NVIDIA · dominicshanshan · Nov 7, 2025 · Nov 9, 2025 · Nov 12, 2025 · Nov 13, 2025
@@ -235,11 +235,11 @@ def _sample(
         logits_shape = logits.shape
         logits = logits.view(-1, logits_shape[-1])  # sampling_batch expects 2D logits
         if isinstance(sampling_params.top_k, int) and sampling_params.top_k > 1:
-            idx_next, probs = top_k_sampling_batch(
+            idx_next, probs, _ = top_k_sampling_batch(
                 logits, top_k=sampling_params.top_k, temperature=1.0
             )
         else:
-            idx_next, probs = greedy_search_sampling_batch(logits)
+            idx_next, probs, _ = greedy_search_sampling_batch(logits)
         idx_next = idx_next.view(logits_shape[:-1])
         return idx_next, probs
 

@@ -438,6 +438,8 @@ class LlmRequest(tensorrt_llm.bindings.internal.batch_manager.LlmRequest):
     """LlmRequest wraps `bindings.internal.batch_manager.LlmRequest`
     but detour some features to Python implementation"""
 
+    _logprob_params = None
+
     def __init__(
             self,
             *args,
@@ -797,6 +799,8 @@ def executor_request_to_llm_request(
         py_multimodal_data=getattr(executor_request, "py_multimodal_data",
                                    None),
         kv_cache_retention_config=executor_request.kv_cache_retention_config)
+    llm_request._logprob_params = getattr(executor_request, "_logprob_params",
+                                          None)
     if child_req_ids:
         for child_id in child_req_ids:
             llm_request.create_child_request(child_id)

@@ -974,7 +974,7 @@ def _process_draft_tokens_rejection_sampling(
             else _request_strategy(request, vocab_size=2**31)
         )
         generator = self.get_generator(request.py_draft_logits.device)
-        _, draft_probs = sample(
+        _, draft_probs, _ = sample(
             draft_sampling_strategy,
             request.py_draft_logits,
             generator=generator,
@@ -1776,7 +1776,16 @@ def _process_requests(
         # Handle top-k logprobs.

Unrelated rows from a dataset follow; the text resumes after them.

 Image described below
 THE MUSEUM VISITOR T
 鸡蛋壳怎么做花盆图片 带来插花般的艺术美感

This is done outside the sampling loop,
         # because the returned logprobs are specified to not reflect temperature scaling,
         # top-k/top-p masking, etc.
+
         if return_log_probs:
+            logprobs_mode = None
+            for req in requests:
+                if req.py_num_logprobs:
+                    logprob_params = getattr(req, "_logprob_params", None)
+                    if logprob_params and hasattr(logprob_params, "logprobs_mode"):
+                        logprobs_mode = logprob_params.logprobs_mode
+                    break
+
             assert logits_cuda.dim() == 2, "logits should be 2D"

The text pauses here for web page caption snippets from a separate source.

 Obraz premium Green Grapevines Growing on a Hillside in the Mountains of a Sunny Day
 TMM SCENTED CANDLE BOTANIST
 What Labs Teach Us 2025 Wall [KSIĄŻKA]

             logprobs_req_indices = [
                 req_id for req_id, req in enumerate(requests) if req.py_num_logprobs
@@ -1785,10 +1794,34 @@ def _process_requests(
             logprobs_logit_indices_cuda = logprobs_logit_indices.to(
                 device=logits_cuda.device, non_blocking=True
             )
-            logprobs_cuda = F.log_softmax(
-                logits_cuda[logprobs_logit_indices_cuda].to(dtype=torch.float32, non_blocking=True),
-                dim=-1,
-            )
+
+            # Compute logprobs based on mode
+            if logprobs_mode == "processed_logprobs":
+                # Process logits with the same transformations as sampling (temperature, top-k, top-p)
+                # but without actually sampling
+                logprobs_list = []
+                for req_id in logprobs_req_indices:
+                    req = requests[req_id]
+                    strategy = _request_strategy(req, vocab_size=logits_cuda.size(1))
+                    req_logits_indices = logits_cuda_indexer[req_id]
+                    req_logits = logits_cuda[req_logits_indices].to(
+                        dtype=torch.float32, non_blocking=True
+                    )
+                    # Use sample() to get processed logprobs (after temperature, top-k, top-p applied)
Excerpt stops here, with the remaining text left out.